How many irreducible polynomials of degree $n$ exist over $\mathbb{F}_p$?

Theorem: Let $\mu(n)$ denote the Möbius function. The number of monic irreducible polynomials of degree $n$ over $\mathbb{F}_q$ is the necklace polynomial $$M_n(q) = \frac{1}{n} \sum_{d | n} \mu(d) q^{n/d}.$$

(To get the number of irreducible polynomials just multiply by $q - 1$.)

Proof. Let $M_n(q)$ denote the number in question. Recall that $x^{q^n} - x$ is the product of all the monic irreducible polynomials of degree dividing $n$. By counting degrees, it follows that $$q^n = \sum_{d | n} d M_d(q)$$

(since each polynomial of degree $d$ contributes $d$ to the total degree). By Möbius inversion, the result follows.

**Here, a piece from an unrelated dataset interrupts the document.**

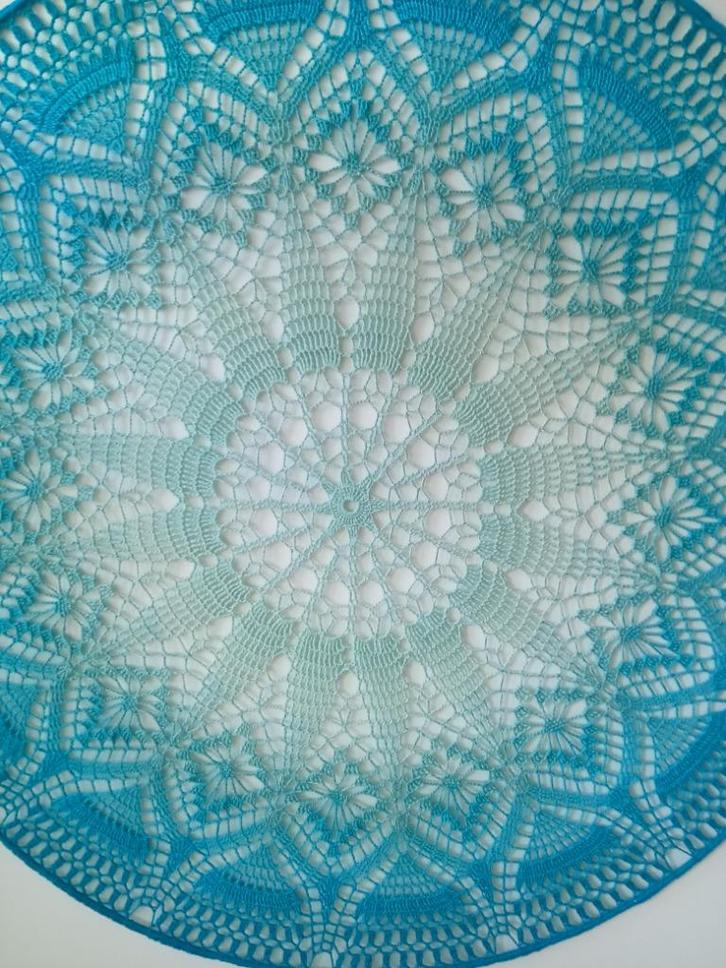 Mooie Mandala's gemaakt met verloop garen van hobbii, Hobby en Vrije tijd, Breien en Haken, Nieuw, Haken, Overige typen, Ophalen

As it turns out, $M_n(q)$ has a combinatorial interpretation for all values of $q$: it counts the number of aperiodic necklaces of length $n$ on $q$ letters, where a necklace is a word considered up to cyclic permutation and an aperiodic necklace of length $n$ is a word which is not invariant under a cyclic permutation by $d$ for any $d < n$. More precisely, the cyclic group $\mathbb{Z}/n\mathbb{Z}$ acts by cyclic permutation on the set of functions $[n] \to [q]$, and $M_n(q)$ counts the number of orbits of size $n$ of this group action. This result also follows from Möbius inversion.

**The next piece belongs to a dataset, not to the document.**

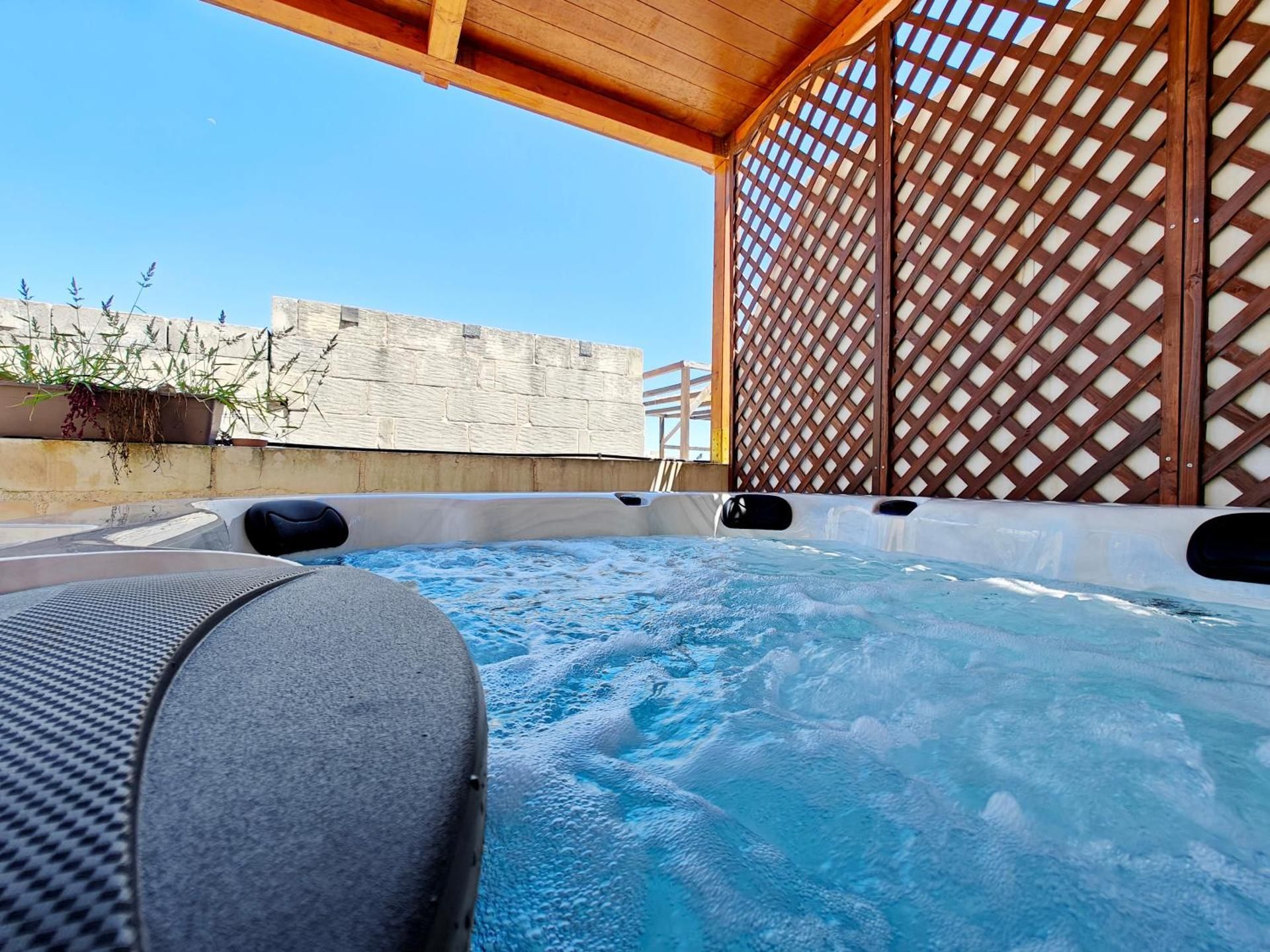 Zebbuga Deluxe Lavish Suite 3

One might therefore ask for an explicit bijection between aperiodic necklaces of length $n$ on $q$ letters and monic irreducible polynomials of degree $n$ over $\mathbb{F}_q$ when $q$ is a prime power, or at least I did a few years ago and it turns out to be quite elegant.

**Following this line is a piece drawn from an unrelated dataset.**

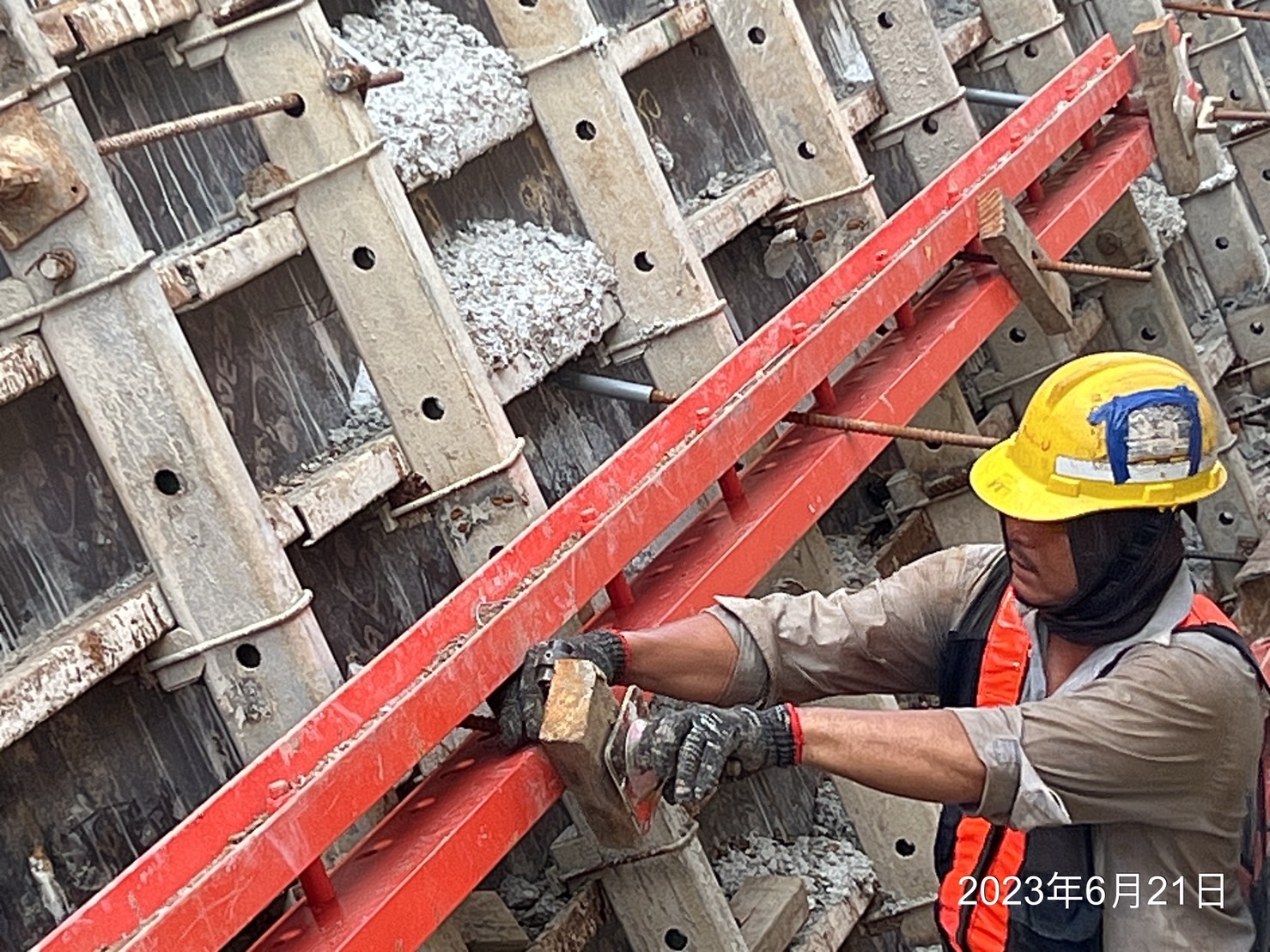 BL2W2擋土牆模板拆除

Let me also mention that the above closed form immediately leads to the "function field prime number theorem." Let the absolute value of a polynomial of degree $d$ over $\mathbb{F}_q$ be $q^d$. (You can think of this as the size of the quotient $\mathbb{F}_q[x]/f(x)$, so in that sense it is analogous to the norm of an element of the ring of integers of a number field.) Then the above formula shows that the number of monic irreducible polynomials $\pi(n)$ of absolute value less than or equal to $n$ satisfies $$\pi(n) \sim \frac{n}{\log_q n}.$$


With regards to your question, this paper has a formula for counting the number of monic irreducibles over a finite field.


The number of monic irreducible polynomials of degree $n$ over $\mathbb{F}_p$ equals

$$\frac{1}{n} \cdot \sum_{d|n} p^d \mu\left(\frac{n}{d}\right)$$

where $\mu$ is the Möbius function. This follows rather easily from the Möbius inversion formula. You can find details here. Note that this in particular implies the existence of one irreducible polynomial and therefore of the field with $p^n$ elements.